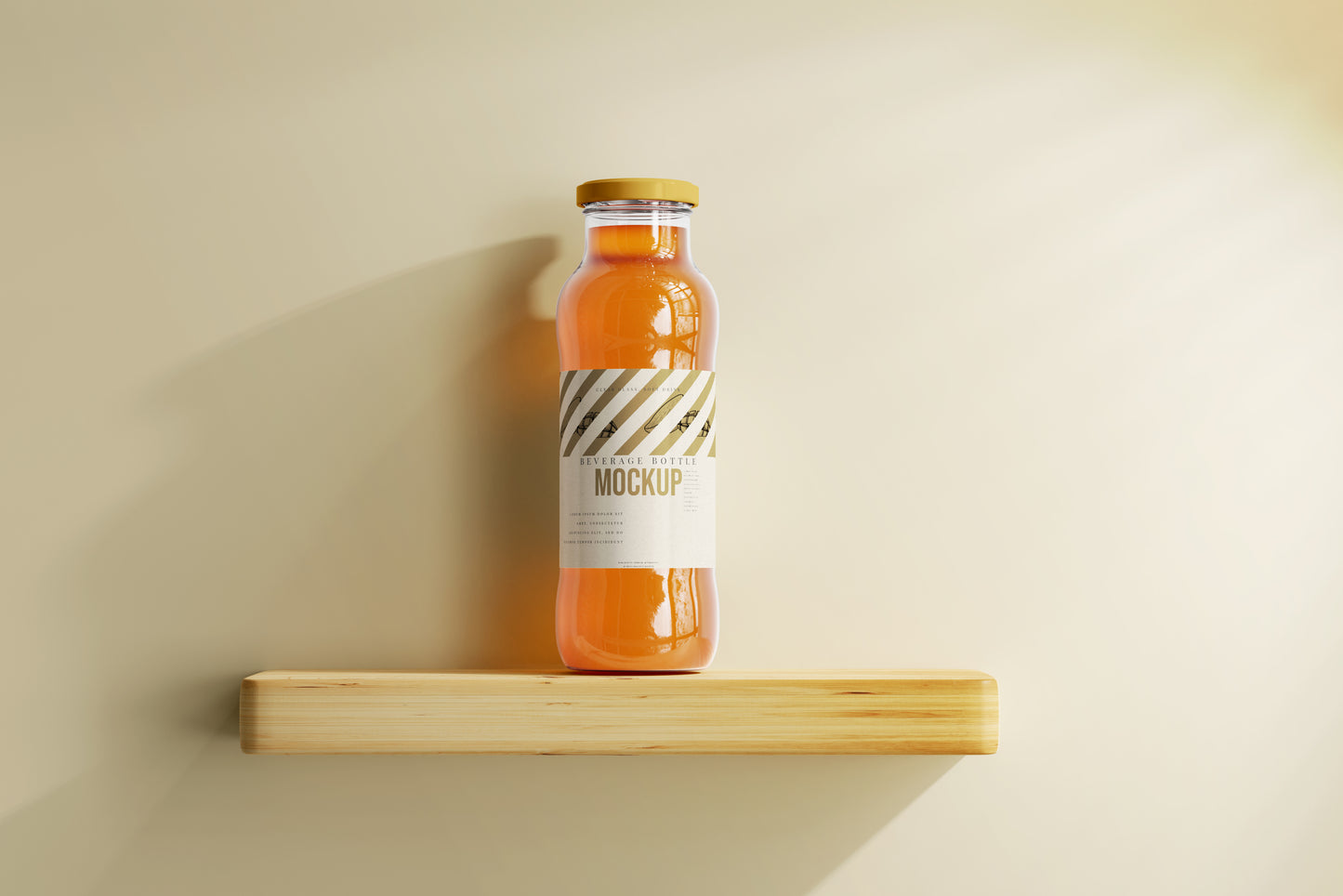 Soft Drink Glass Beverage Bottle Mockups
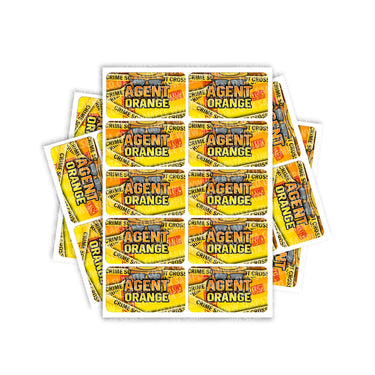 Agent Orange Rectangle / Pre-Roll Labels - Pre-Roll (10.16cm x 6.7cm) / 10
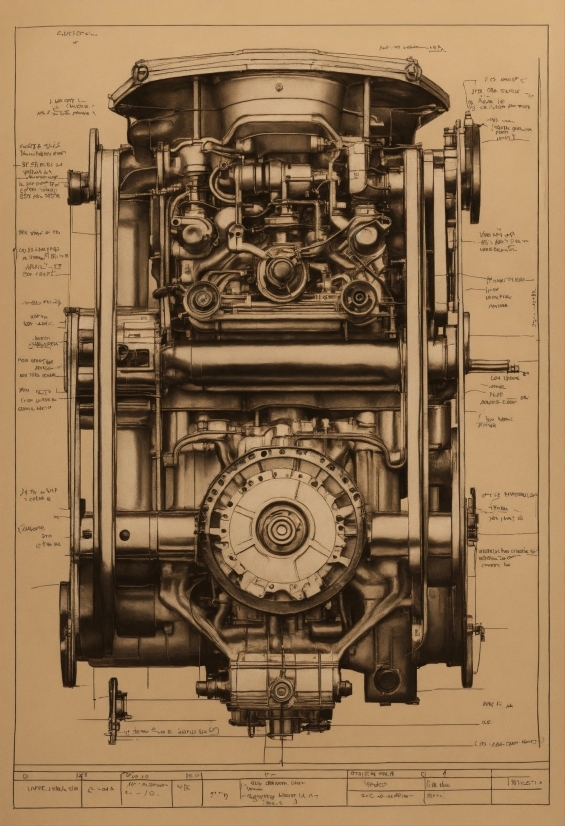 Generative Photography, Font, Rectangle, Clock, Engineering, Machine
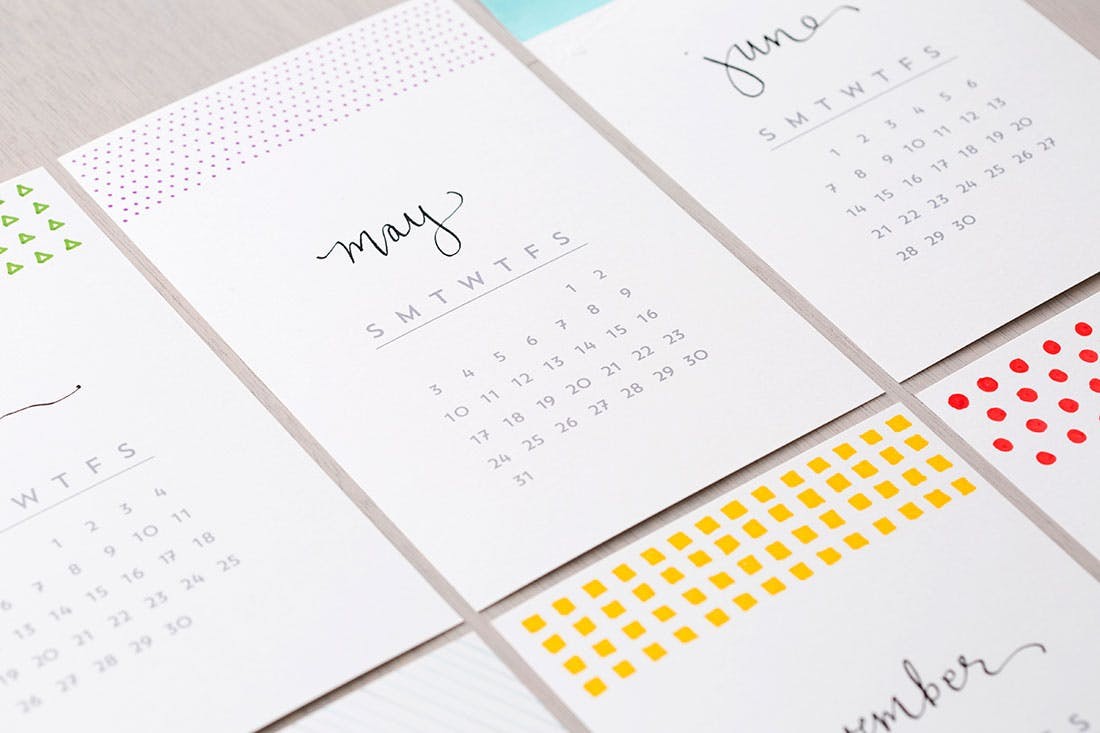 It’s Not Too Late to Make Our DIY Calligraphy Calendar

*WORK REQUIRED*
Restate the lines above exactly, from the one bearing "Agent Orange Rectangle" through the final line of the material, both included, omitting pictures.

*COMPLETED EXERCISE*
 Agent Orange Rectangle / Pre-Roll Labels - Pre-Roll (10.16cm x 6.7cm) / 10
 Generative Photography, Font, Rectangle, Clock, Engineering, Machine
 It’s Not Too Late to Make Our DIY Calligraphy Calendar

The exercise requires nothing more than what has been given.